Comparable to her chapter on Dickens, Matus’s reading of George Eliot’s The Lifted Veil and Daniel Deronda weaves together a rich web of connections between Eliot’s work, George Henry Lewes and “his ideas about physiology and psychology” (124), and “Victorian and subsequent emotion theory” (124).  Of particular interest in this chapter is the way that Matus treats the idea of psychic shock in Eliot’s work as something that wounds its victims (138).  For Matus, Eliot’s rich treatment of characters particularly focuses on the internal workings of the mind, especially the act of processing emotions that are sometimes so intense that they can be crippling (122).  Thinking through this idea, she succeeds in unpacking Eliot’s rich narratives, bringing to light the complicated “struggle” (150) that characters such as Gwendolen in Daniel Deronda and Latimer in The Lifted Veil must endure as they attempt to cope with “overwhelming emotions” (121) that surface as the result of traumatic incidents.  The Dickens and Eliot chapters, will, no doubt, be of interest to scholars interested in the work of these two authors.  However, Matus’s groundbreaking scholarship here can certainly lend to interesting and informative readings of the role that psychic shock played in the works of the contemporaries of Dickens and Eliot.
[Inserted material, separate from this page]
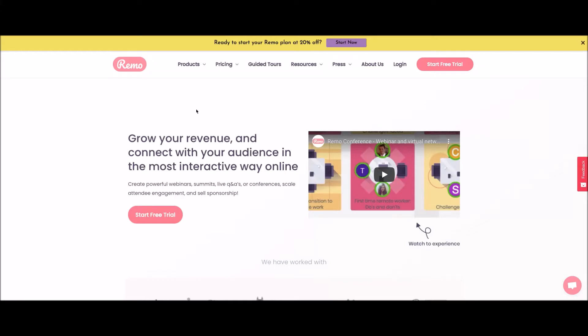Hey you guys, welcome back to my channel. Georgie here with another tech tool tutorial and we are back for another Tuesday of an amazing tutorial. This week's tutorial is all about Remo. So Remo is a virtual conferencing platform that I've been using — and virtual event platform, actually — that I've been using since 2019. I love this platform. Let's dive right in.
Overall, Shock, Memory, and the Unconscious in Victorian Fiction offers a rich overview of the evolution of the Victorian interest in the mind and its complicated processes.  Including texts such as scientific treatises and more recent scholarship relating to the development of trauma theory allows Matus the ability to provocatively scrutinize well-loved canonical works of literature for an additional (and previously neglected) layer of meaning stemming from a lively discourse between literature and science.  Educational and enlightening, Matus’s book is a useful tool for anyone investigating the intersections between trauma theory and Victorian literature.